§ Material for the task:
◆ ◆ ◆

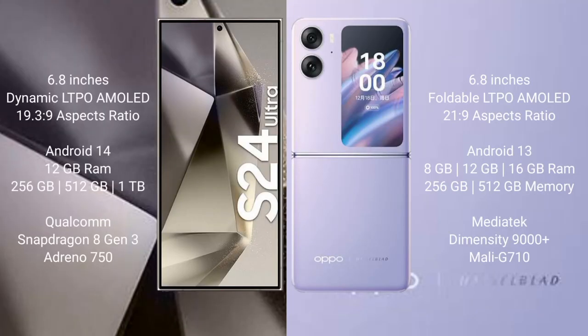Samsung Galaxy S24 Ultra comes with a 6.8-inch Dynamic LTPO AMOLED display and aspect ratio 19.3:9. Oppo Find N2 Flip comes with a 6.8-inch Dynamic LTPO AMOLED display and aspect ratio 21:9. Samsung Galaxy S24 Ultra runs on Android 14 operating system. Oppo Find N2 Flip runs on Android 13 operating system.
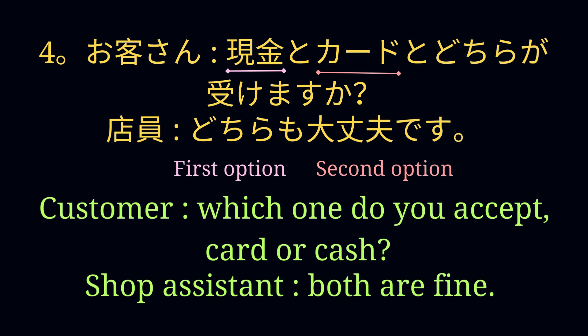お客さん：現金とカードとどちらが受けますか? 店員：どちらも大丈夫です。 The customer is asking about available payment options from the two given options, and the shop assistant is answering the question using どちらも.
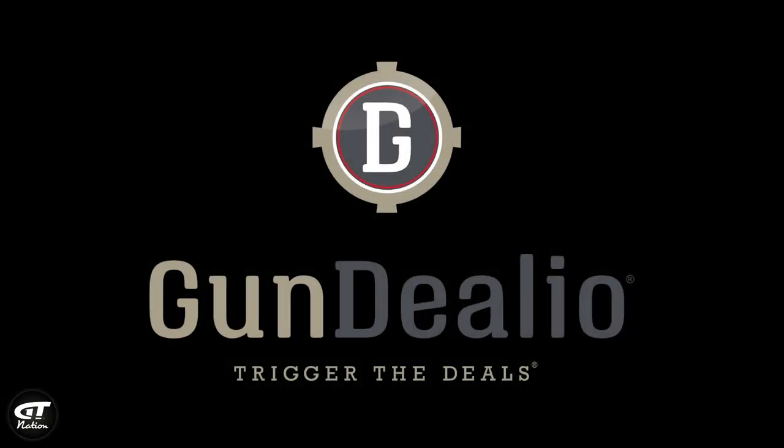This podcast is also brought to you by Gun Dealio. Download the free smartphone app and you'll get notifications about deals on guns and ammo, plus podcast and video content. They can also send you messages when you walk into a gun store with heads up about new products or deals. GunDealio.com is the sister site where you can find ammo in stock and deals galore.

◆ ◆ ◆

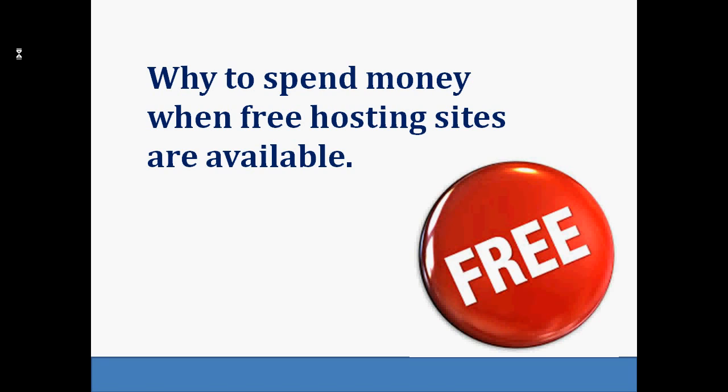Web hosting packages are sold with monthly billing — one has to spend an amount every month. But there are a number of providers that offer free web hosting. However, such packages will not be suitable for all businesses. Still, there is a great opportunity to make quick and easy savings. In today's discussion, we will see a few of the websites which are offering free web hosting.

◆ ◆ ◆

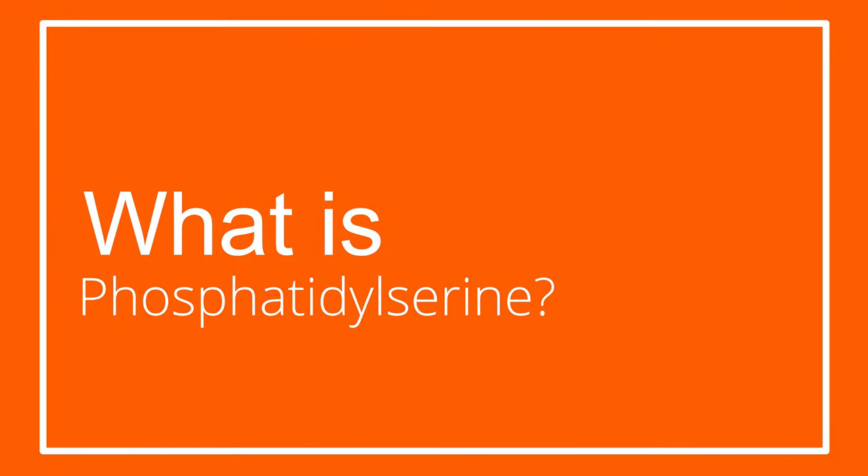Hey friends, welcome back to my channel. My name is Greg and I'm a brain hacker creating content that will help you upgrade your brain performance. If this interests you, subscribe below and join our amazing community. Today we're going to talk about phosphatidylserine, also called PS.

◆ ◆ ◆

§ Directions: Given the listing above, repeat exactly the lines starting at the one with "Samsung Galaxy S24 Ultra comes" and ending at the one with "This podcast is", inclusive, excluding pictures.

§ Result of this task:
Samsung Galaxy S24 Ultra comes with a 6.8-inch Dynamic LTPO AMOLED display and aspect ratio 19.3:9. Oppo Find N2 Flip comes with a 6.8-inch Dynamic LTPO AMOLED display and aspect ratio 21:9. Samsung Galaxy S24 Ultra runs on Android 14 operating system. Oppo Find N2 Flip runs on Android 13 operating system.
お客さん：現金とカードとどちらが受けますか? 店員：どちらも大丈夫です。 The customer is asking about available payment options from the two given options, and the shop assistant is answering the question using どちらも.
This podcast is also brought to you by Gun Dealio. Download the free smartphone app and you'll get notifications about deals on guns and ammo, plus podcast and video content. They can also send you messages when you walk into a gun store with heads up about new products or deals. GunDealio.com is the sister site where you can find ammo in stock and deals galore.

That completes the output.